Task prompt: Your reply should reproduce each line below exactly and carry none of the pictures.

Input:
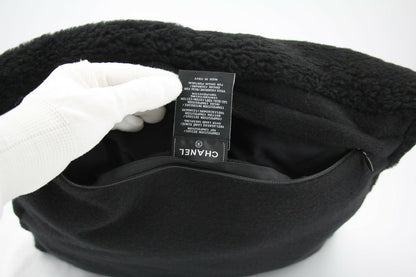 Chanel Coco Mark Cotton Cashmere Black Pillow Cushion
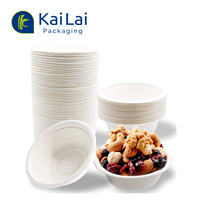 Bol et assiette en bagasse de canne à sucre moulée, biodégradable, imperméable et résistante à la graisse, pour soupes, salades et collations, disponible en 8-12-16-24-32 OZ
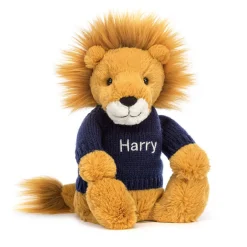 Bashful Lion with Personalised Navy Jumper*Jellycat Clearance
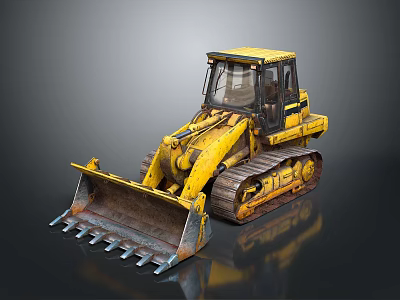 Yellow Functional Bulldozer With Tracks And Heavy Duty Blade For Construction Work 3d model
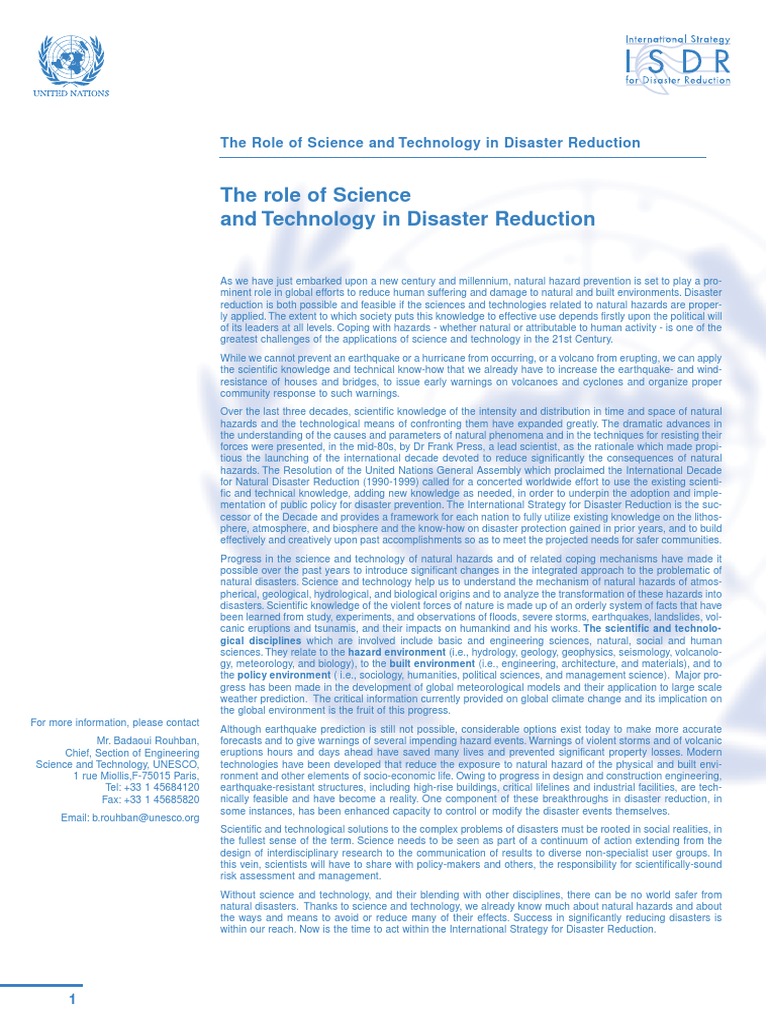 The Role of Science and Technology in Disaster Reduction | PDF ...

Problem solution:
 Chanel Coco Mark Cotton Cashmere Black Pillow Cushion
 Bol et assiette en bagasse de canne à sucre moulée, biodégradable, imperméable et résistante à la graisse, pour soupes, salades et collations, disponible en 8-12-16-24-32 OZ
 Bashful Lion with Personalised Navy Jumper*Jellycat Clearance
 Yellow Functional Bulldozer With Tracks And Heavy Duty Blade For Construction Work 3d model
 The Role of Science and Technology in Disaster Reduction | PDF ...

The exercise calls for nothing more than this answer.